■ **THE DATA**:
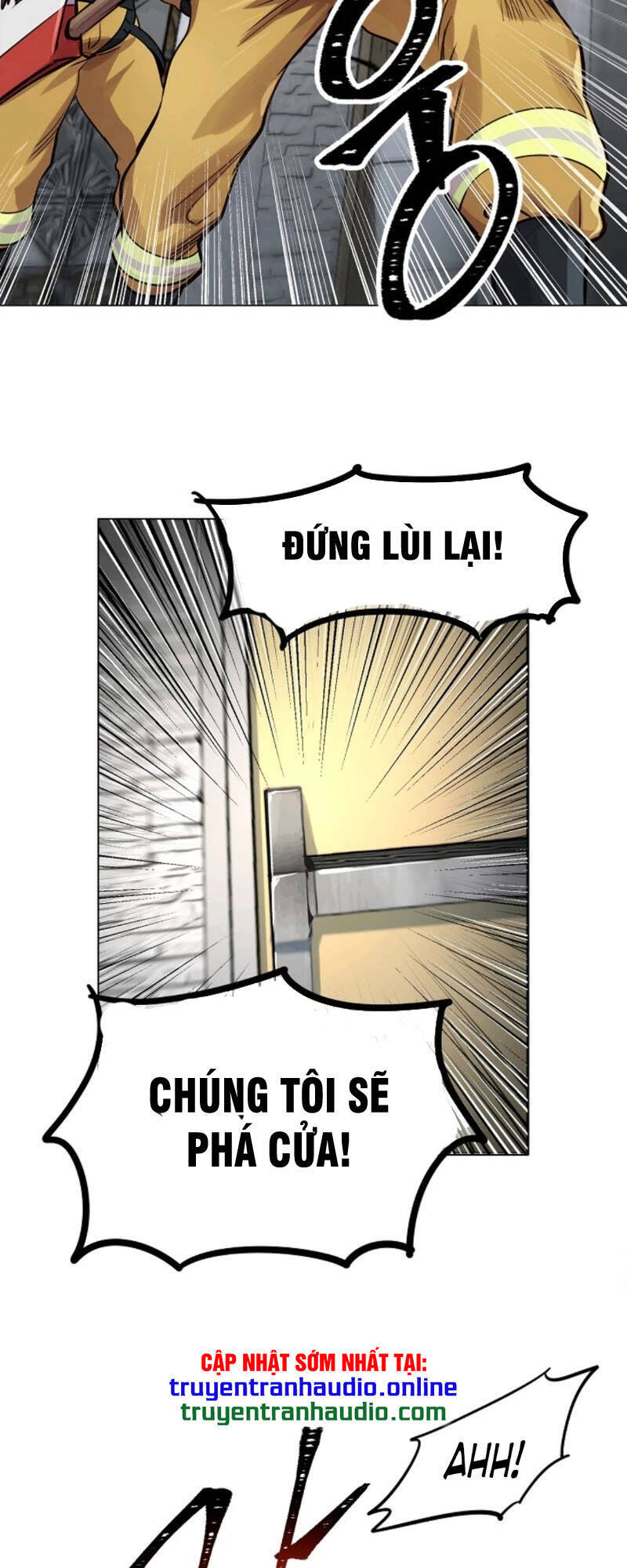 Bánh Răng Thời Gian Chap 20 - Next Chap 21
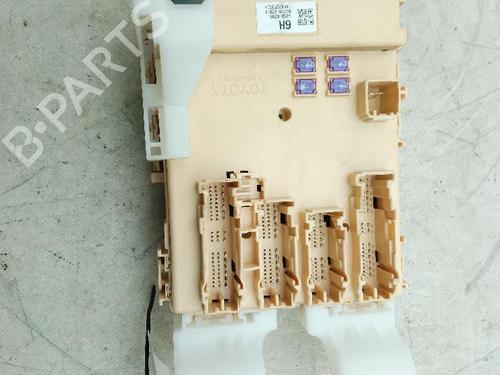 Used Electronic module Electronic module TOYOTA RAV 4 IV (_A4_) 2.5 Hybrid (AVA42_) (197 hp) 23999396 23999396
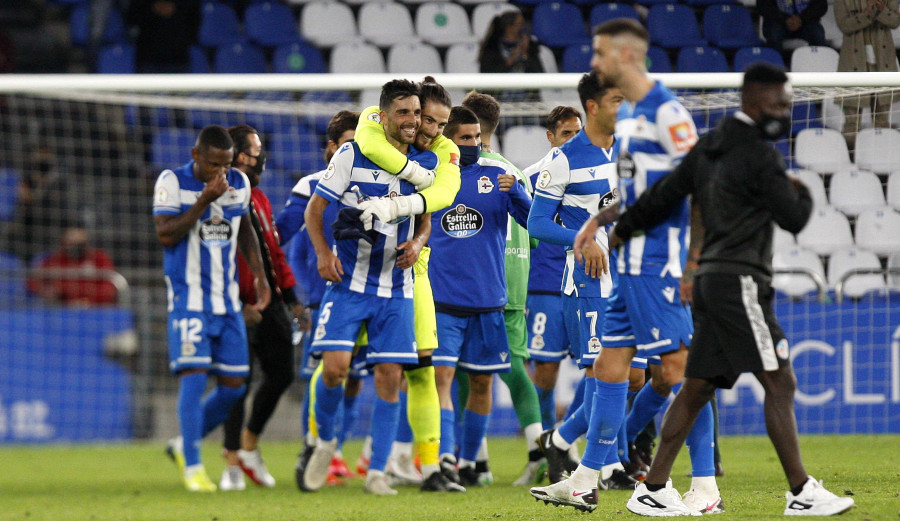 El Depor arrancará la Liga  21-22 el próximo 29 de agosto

■ **TASK PROMPT**: Please reprint the whole listing exactly and omit its pictures.

■ **OUTPUT FOR THIS EXERCISE**:
 Bánh Răng Thời Gian Chap 20 - Next Chap 21
 Used Electronic module Electronic module TOYOTA RAV 4 IV (_A4_) 2.5 Hybrid (AVA42_) (197 hp) 23999396 23999396
 El Depor arrancará la Liga  21-22 el próximo 29 de agosto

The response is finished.